Потом вдруг все замерло. Нет, это не наступила тишина – волны по-прежнему с ревом разбивались о скалы, в ушах свистел ветер и раздраженно стучала о косяк незапертая дверь в одной из подсобок.

Но в душе Том впервые за долгие годы ощутил покой.

Он подошел к краю обрыва и остановился. Звякнул колокольчик на шее у козы, закудахтали две курицы. И неожиданно эти самые обычные звуки обрели новый смысл: их источником были живые существа. Том преодолел сто восемьдесят четыре ступеньки до световой камеры и открыл дверь на галерею. Ветер обрушился на него с бешеной силой, вдавливая обратно в дверной проем, и Том, покачнувшись, с усилием шагнул вперед и вцепился в металлический поручень. С высоты в шестьсот футов вид на разбивающиеся о скалы волны оказывал гипнотическое воздействие. Белая пена, похожая на молоко, иногда расступалась, обнажая темную морскую пучину. С другой стороны острова цепь огромных валунов служила волнорезом, за которым водная гладь была спокойной и ровной. Том ощутил странное чувство, будто он парит в воздухе, но при этом остается на земле. Он медленно обогнул по узкой галерее всю башню маяка, впитывая величие открывшегося его взору вида. Казалось, его легким никогда не удастся набрать достаточно воздуха, взгляд никогда не сможет охватить безбрежные просторы, а слух – воспринять всю гамму звуков ревущего внизу океана. На мгновение он перестал себя ощущать.

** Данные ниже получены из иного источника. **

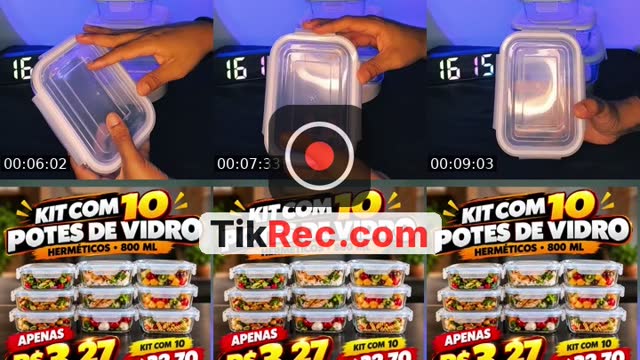 Pote hermético oferta 🔥🔥 - @superofertass80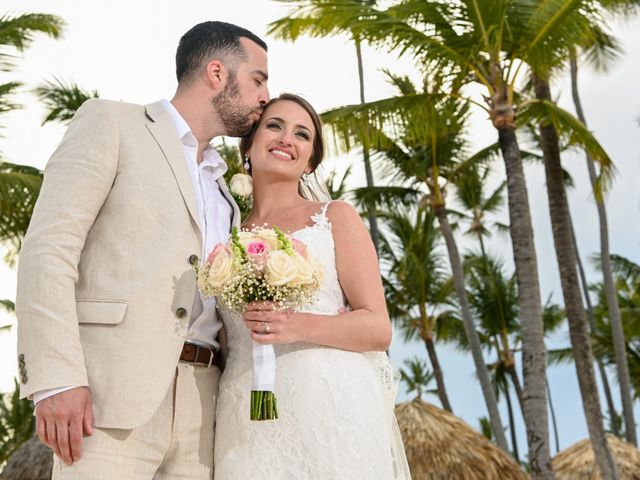 Joseph and Elizabeth&apos;s Wedding in Punta Cana, Dominican Republic 48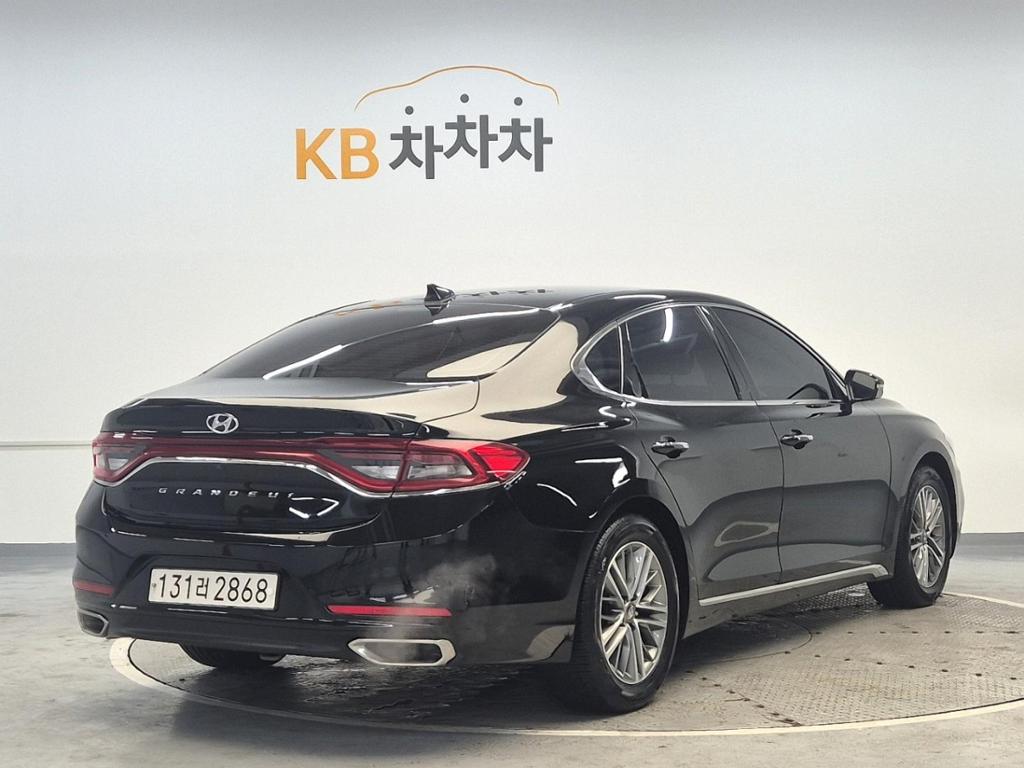 2019 HYUNDAI GRANDEUR IG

Том сморгнул и встряхнул головой, прогоняя наваждение. Чтобы прийти в себя, он прислушался к сердцебиению, ощутил на ногах ботинки и железный настил галереи под собой. Выпрямившись в полный рост, он заметил разболтавшуюся петлю на двери, сосредоточил на ней внимание и решил начать именно с нее. Спасение было в работе. Нужно постоянно быть занятым чем-то очень практичным и приземленным, потому что иначе душа или разум могут взмыть, как воздушный шар, и улететь в неизвестность. Именно это помогло ему пережить четыре кровавых и безумных года: всегда знать, где лежит винтовка, даже если задремал в окопе на десять минут; постоянно держать наготове противогаз; убедиться, что подчиненные точно поняли отданный приказ. На войне человек не думает о том, что будет через несколько месяцев или лет. На войне человек живет одним часом, может, иногда следующим. Все остальное не важно.

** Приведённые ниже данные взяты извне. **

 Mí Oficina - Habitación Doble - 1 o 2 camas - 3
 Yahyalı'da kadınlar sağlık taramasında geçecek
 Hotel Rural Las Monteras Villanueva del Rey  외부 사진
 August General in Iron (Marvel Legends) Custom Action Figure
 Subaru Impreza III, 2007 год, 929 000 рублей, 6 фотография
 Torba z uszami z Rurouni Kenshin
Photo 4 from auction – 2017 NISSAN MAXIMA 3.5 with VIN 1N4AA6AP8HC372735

Том поднял бинокль и осмотрел остров: ему нужно увидеть коз, овец и сосчитать их. Всегда заниматься чем-то практическим. Натирать до блеска латунные детали, постоянно протирать стекла световой камеры маяка: сначала внешние, потом самих призм. Смазывать все трущиеся узлы, чтобы шестеренки ходили плавно, проверять уровень ртути для уменьшения трения линз. Он составлял список дел, будто мысленно вырубал ступеньки, по которым мог выбраться в мир, где останется самим собой.

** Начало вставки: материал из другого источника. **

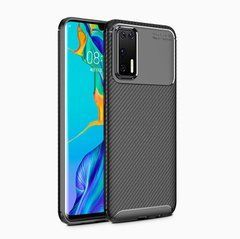 Защитный чехол iPaky Kaisy для Huawei P40 Черный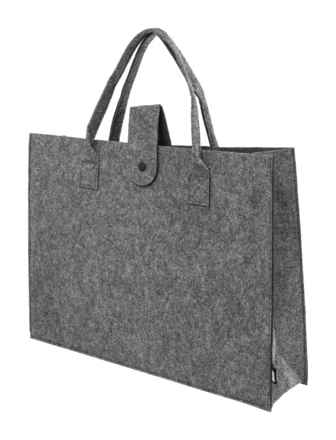 Refelt Shop Lux Torba na zakupy RPET - szary (NAD-AP800093-77)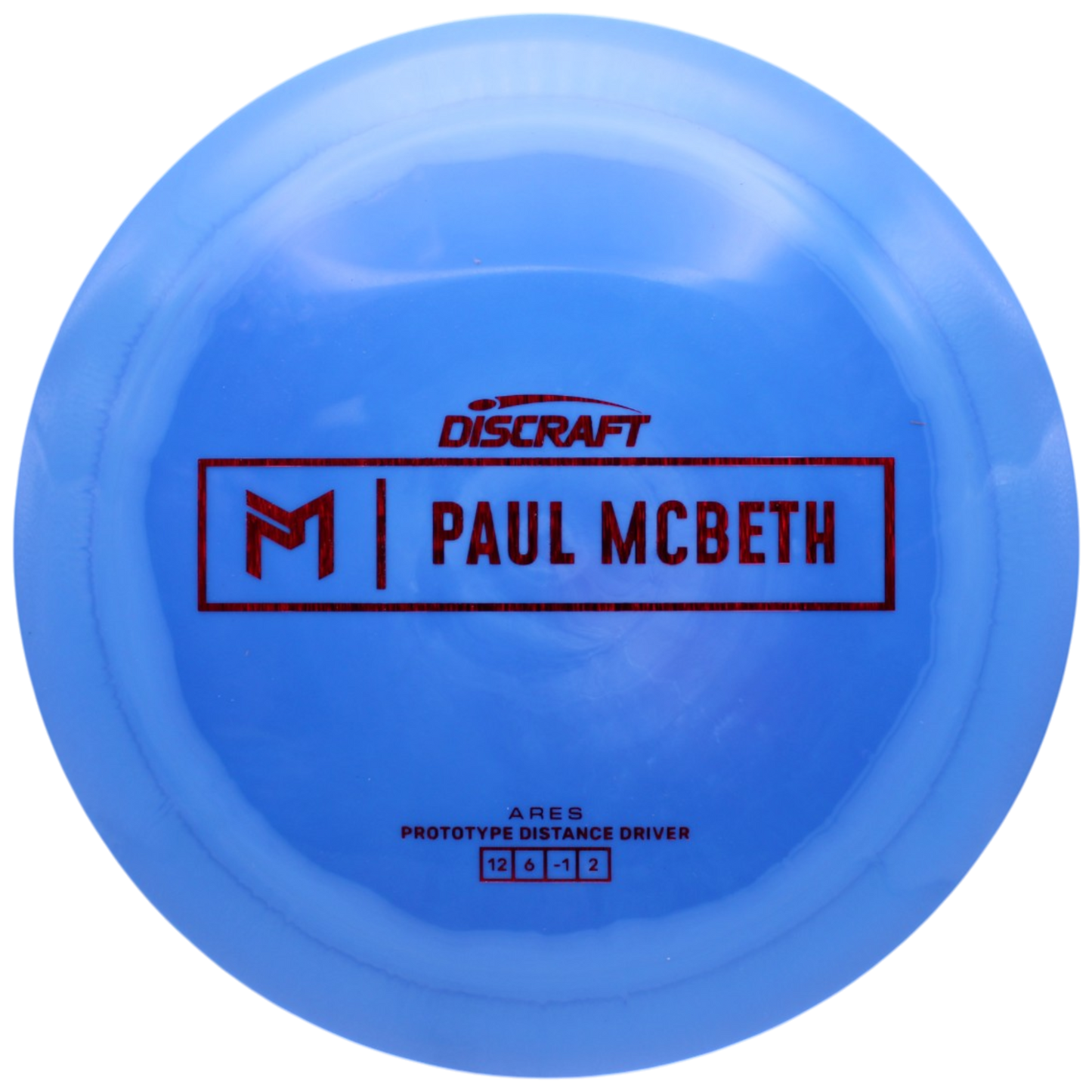 PAUL MCBETH PROTOTYPE ESP ARES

В ту ночь он включил маяк с тщанием и осторожностью жреца, зажигавшего свет на Александрийском маяке тысячи лет назад. Он поднялся по миниатюрной металлической лестнице, которая вела к платформе вокруг светового устройства, и забрался внутрь. Заправив мазутом топливный бак, он зажег под ним огонь, чтобы разогретые пары поднялись до калильной сетки газового фонаря. Потом поднес к сетке горящую спичку, и пары превратились в яркий свет. Спустившись вниз, Том завел двигатель. Все устройство пришло в движение и начало вращаться, выдавая через равные интервалы вспышки света продолжительностью в пять секунд. Том взял ручку и записал в большом журнале в кожаном переплете: «Включил в 17.05. Ветер порывистый, сев./сев. – зап. 15 узлов. Пасмурно. Волнение на море 6 баллов». Затем добавил свои инициалы: «Т.Ш.» Эти строчки появились в книге через несколько часов после последней записи Уитниша, а его отметки – через несколько часов после последней записи Докерти. Том стал звеном непрерывной цепочки смотрителей, охранявших свет.

Удостоверившись, что все в порядке, Том вернулся в дом. От усталости ему смертельно хотелось спать, но он понимал, что без еды не сможет работать. В кладовке возле кухни батареи мясных консервов, банок с горошком и консервированными грушами соседствовали на полках вперемежку с сардинами, сахаром и огромной банкой мятных конфет, которые обожала покойная миссис Докерти. Первый ужин Тома состоял из большого ломтя испеченной в золе пресной лепешки, оставшейся после Уитниша, куска сыра и сморщенного яблока.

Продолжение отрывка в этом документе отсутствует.